After obtaining v1 and v2, for each new sample x ∈ ℜn the sample label is obtained by (12):

$$ \begin{array}{lllll} &x\in W_{k}, & & k= \text{arg max}_{i=1,2} \{\frac{|{w_{1}^{T}}x+b_{1}|}{\|w_{1}\|},\frac{|{w_{2}^{T}}x+b_{2}|}{\|w_{2}\|}\} . \end{array} $$
(12)

To calculate the membership value, the fuzzy membership functions introduced in [29] are used. For a positive sample xi with a positive label (+ 1), fuzzy membership is expressed as (13):

$$ \begin{array}{@{}rcl@{}} m_{1} (x_{i}) &=&0.5+\frac{\exp{(C_{0}(d_{-1}(x_{i}) -d_{1}(x_{i}) ) /d) -\exp{(-C_{0}) }}}{2(\exp{(C_{0}) }-exp{(-C_{0}) }) } ,\\ m_{-1}(x_{i}) &=&1-m_{1}(x_{i}). \end{array} $$
(13)

For a negative sample xi with a negative label (-1), fuzzy membership is expressed as (14):

$$ \begin{array}{@{}rcl@{}} m_{-1} (x_{i}) &=&0.5+\frac{\exp{(C_{0}(d_{1}(x_{i}) -d_{-1}(x_{i}) ) /d) -\exp{(-C_{0}) }}}{2(\exp{(C_{0}) }-exp{(-C_{0}) }) },\\ m_{1}(x_{i}) &=&1-m_{-1}(x_{i}). \end{array} $$
(14)

5 Extracting the bag of visual words

As outlined in the introduction section, obtaining high-level semantic features can greatly enhance the performance of the proposed system for scene classification. As mentioned earlier, the regions and labels of the words in the image are obtained by the deep network.

The results obtained in the previous step indicate that regions of the objects usually exhibit more region than the object itself. For example, Fig. 3 illustrates a sample RoI-calculated by RPN that is considered by the SVM-fuzzy as an object. As it can be seen, many of the region proposals have problems like overlaping with other objects, the loss of a part of the object, and the inclusion of a large part of the background region as object regions. In this phase, high-level visual features are extracted in the identified regions as objects. In the same way, the Bag-of-Visual-Word (BoVW) method is used. In the proposed system, the method of topic modeling is used to extract latent topics. The inputs of these types of systems are words. These words are extracted by the BoVW method.

Fig. 3
figure 3

An example of an RPN network output after applying Fuzzy-SVM

The BoVW pipeline methods have shown good performance in recent years [70]. Also, these methods have a good effect on the illumination changes and noise [50]. This method involves steps such as feature extraction, feature preprocessing, codebook generation, feature encoding, pooling and normalization.

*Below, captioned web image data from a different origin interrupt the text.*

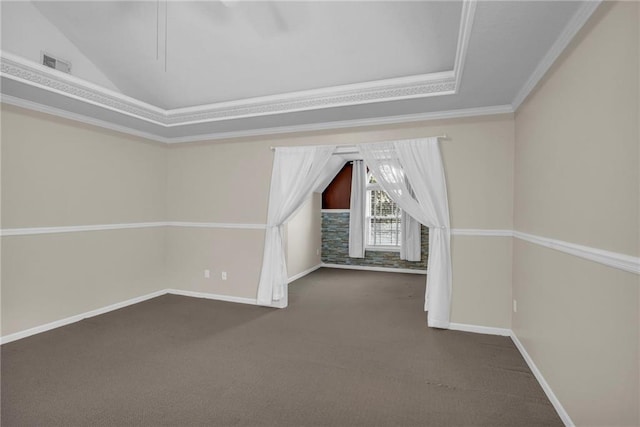 12726 S Rene St, Olathe, KS 66062 - spare room with carpet flooring, vaulted ceiling, ornamental molding, and baseboards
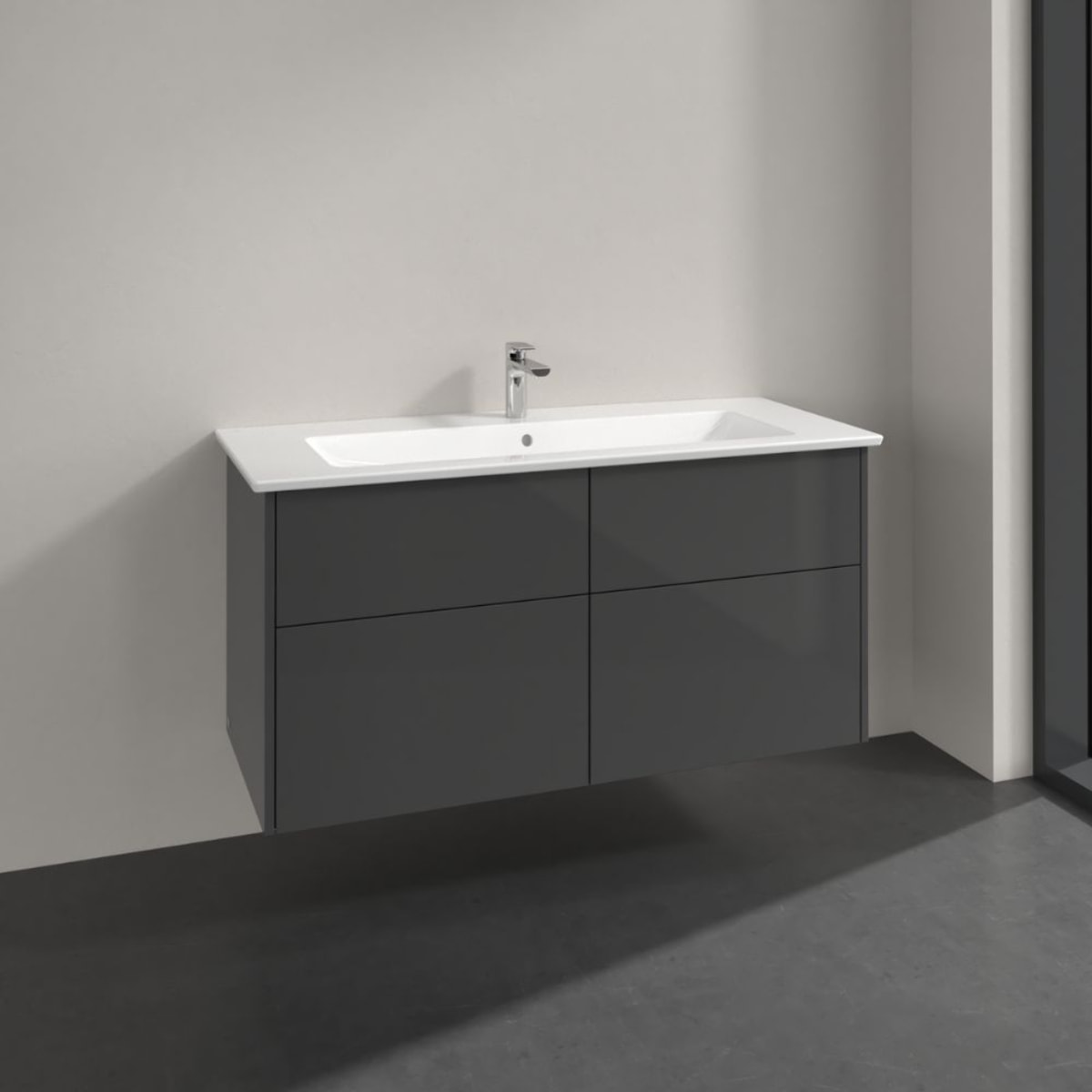 Set meuble avec vasque Finero Villeroy & Boch 120cm Gris brillant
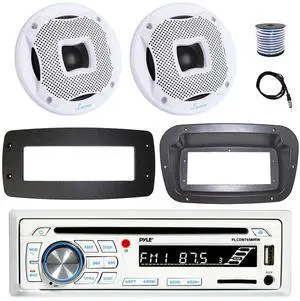 Pyle PLCDBT65 Single DIN Bluetooth Marine CD Stereo Receiver, Spa bezel, Adapter Plate, 22" Radio Antenna, Wire, 2x 6.5" 400W Max 2-Way Water Resistant Audio Speakers (White)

The feature extraction process uses low-level local features. As outlined in [71], extraction of local features involves detecting a local region and describing the detected region. In earlier methods, local regions are extracted from regions related to the whole image. But in this paper, local regions are extracted in RoI regions. In this paper, the SIFT method is used to extract features. SIFT is calculated for each RoI individually. Low-level local descriptors usually have a high-dimensional and strong correlation [50].

In the same way, in the pre-processing phase, the PCA method [1] is used to reduce dimensionality. After extracting and reducing features, we need to generate codebook. There are two methods for generating codebook. In the first method, feature space is divided into regions. Each region is displayed by its center. Each center is called code-word. In the second method, the generative model is used to represent the probable distribution of the features.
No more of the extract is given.